Product Hunt–style comments (not star reviews)
  • No comments yet — start the thread.
general reviews

Ratings

4.663 reviews
  • Zaid Jain· Dec 28, 2024

    Solid pick for teams standardizing on skills: aspire-integration-testing is focused, and the summary matches what you get after install.

  • Ama Chawla· Dec 20, 2024

    We added aspire-integration-testing from the explainx registry; install was straightforward and the SKILL.md answered most questions upfront.

  • Lucas Abebe· Dec 16, 2024

    I recommend aspire-integration-testing for anyone iterating fast on agent tooling; clear intent and a small, reviewable surface area.

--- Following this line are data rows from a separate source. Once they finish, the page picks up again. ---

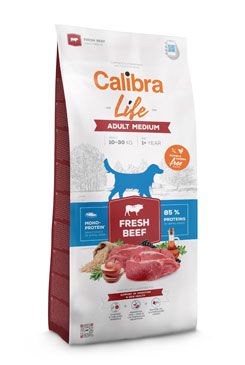 Calibra Dog Life Adult Medium Fresh Beef 12kg Calibra Life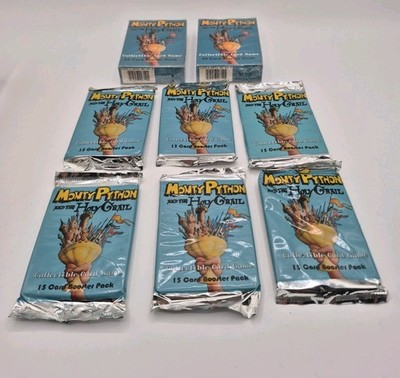 Kenzer 1996 Monty Python CCG Two Starter Decks Plus 6 Sealed Packs 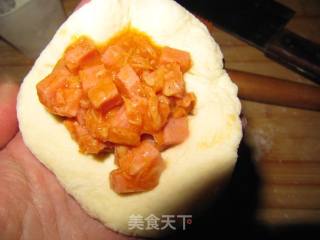 辣味金枪鱼面包的做法步骤：8
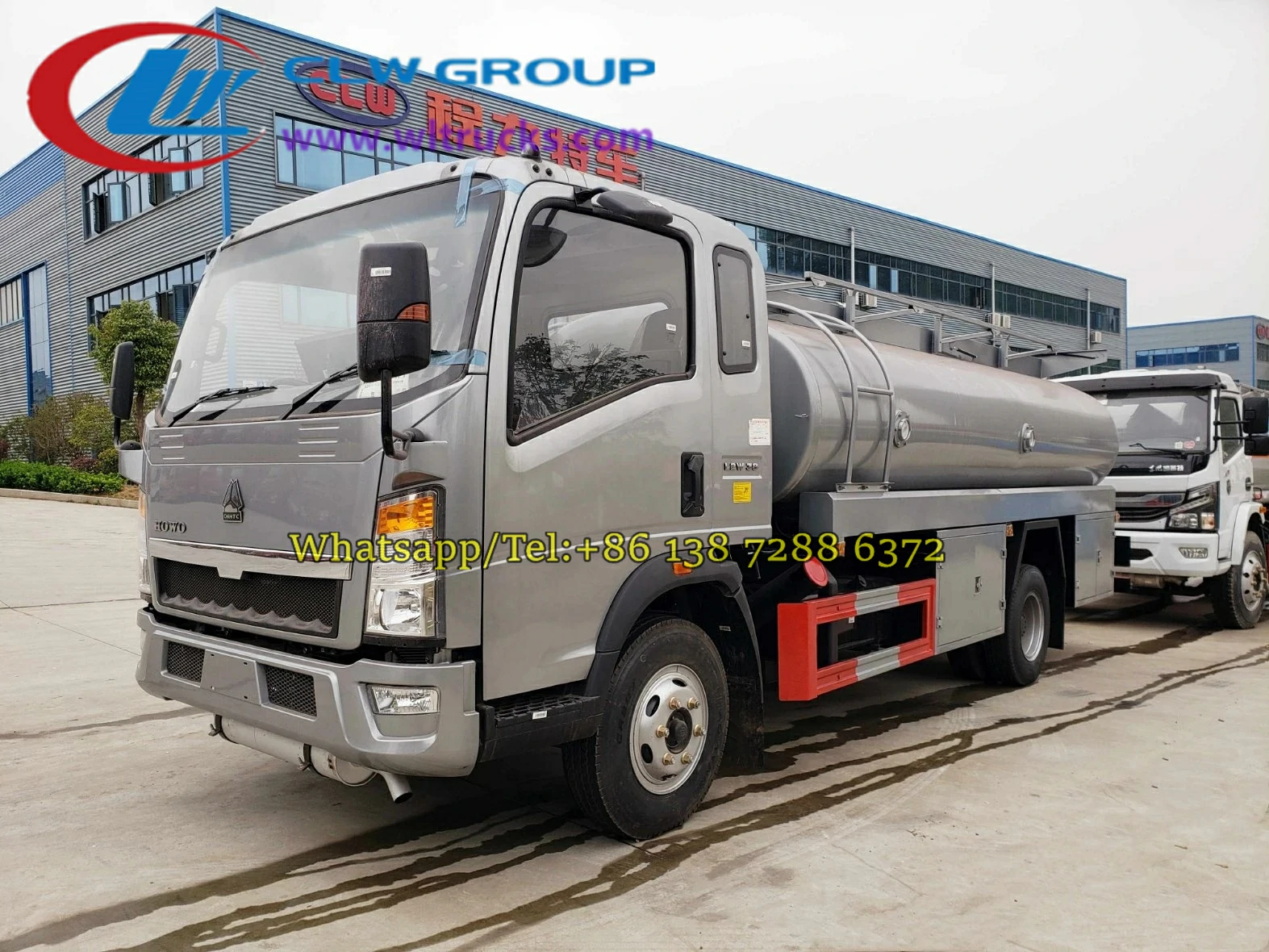 Sinotruk Howo 6cbm Diesel tanker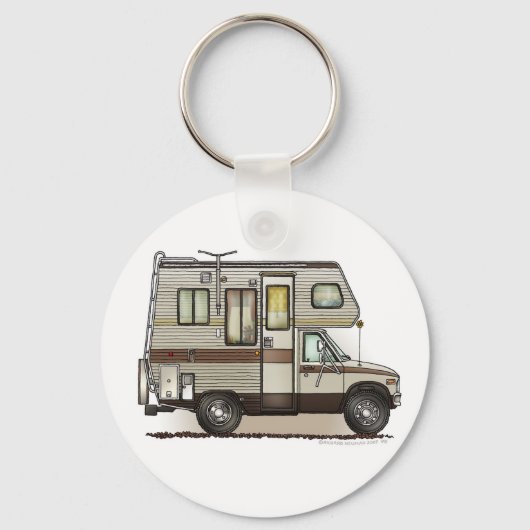 Porte-clés Porte - clés RV Camper Classe C (Recto)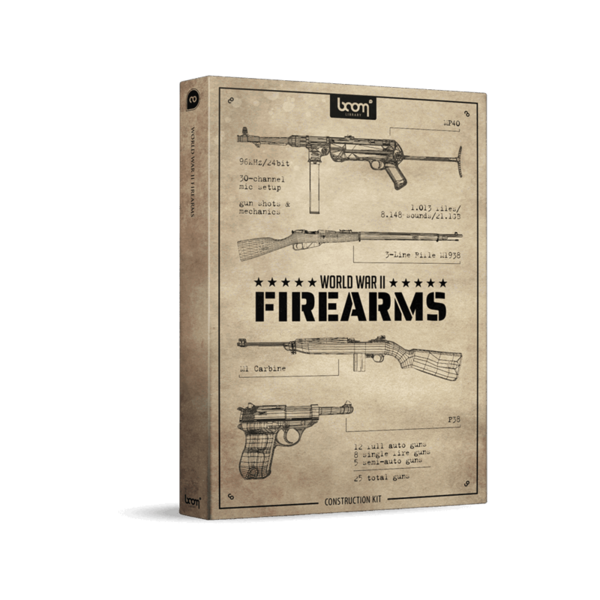BOOM Library World War II Firearms CK 二戰槍械音效庫（Construction Kit 原始素材版） (下載版) - 音效素材庫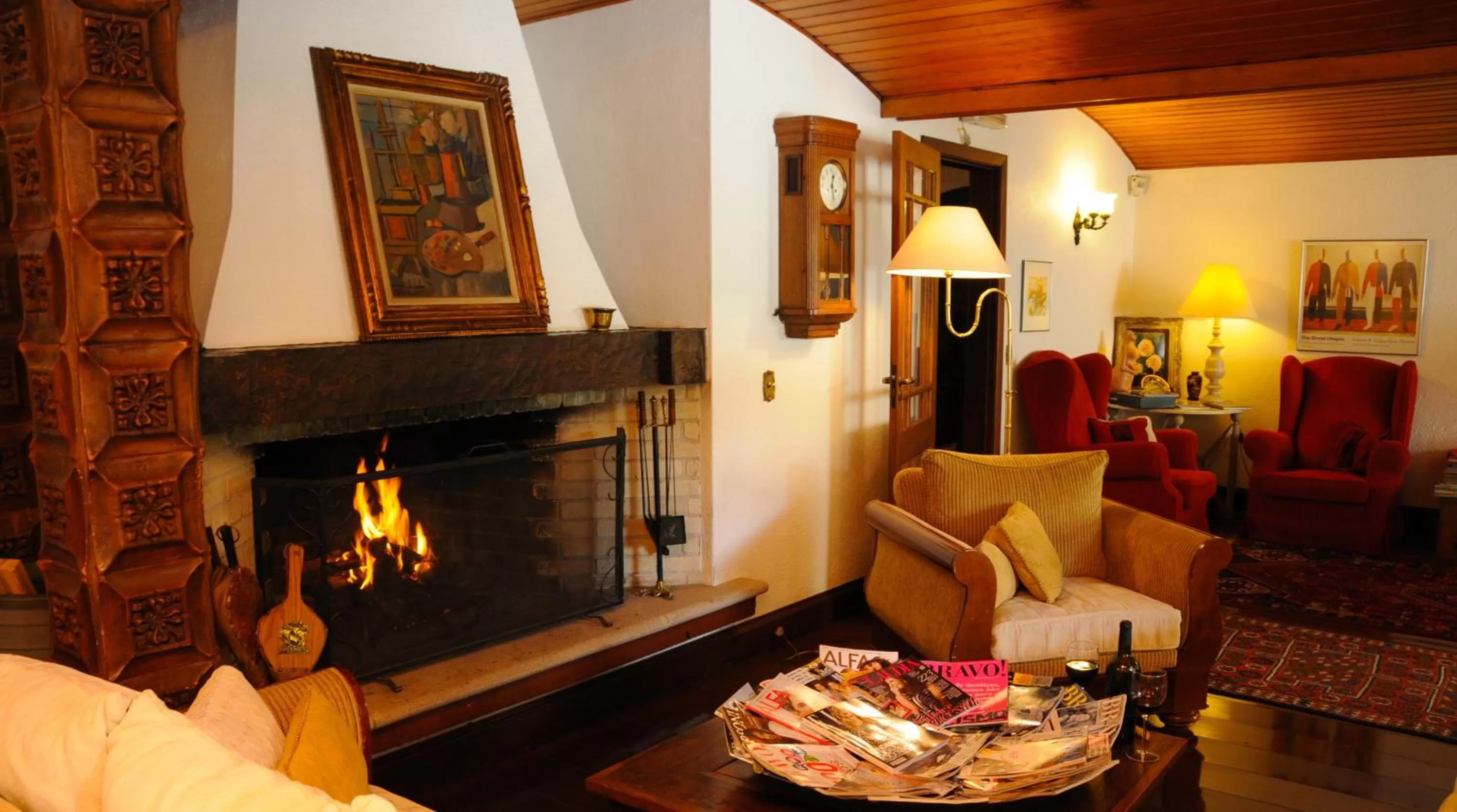 Living room in Pousada Villa Capivary Campos do Jordão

  • Naina Huang· Dec 8, 2024

    aspire-integration-testing fits our agent workflows well — practical, well scoped, and easy to wire into existing repos.

  • Dhruvi Jain· Dec 4, 2024

    aspire-integration-testing reduced setup friction for our internal harness; good balance of opinion and flexibility.

  • Soo Martinez· Dec 4, 2024

    Registry listing for aspire-integration-testing matched our evaluation — installs cleanly and behaves as described in the markdown.

  • Min Taylor· Nov 27, 2024

    aspire-integration-testing is among the better-maintained entries we tried; worth keeping pinned for repeat workflows.

  • Oshnikdeep· Nov 23, 2024

    I recommend aspire-integration-testing for anyone iterating fast on agent tooling; clear intent and a small, reviewable surface area.

  • Omar Singh· Nov 23, 2024

    Useful defaults in aspire-integration-testing — fewer surprises than typical one-off scripts, and it plays nicely with `npx skills` flows.

  • Anaya Flores· Nov 11, 2024

    Keeps context tight: aspire-integration-testing is the kind of skill you can hand to a new teammate without a long onboarding doc.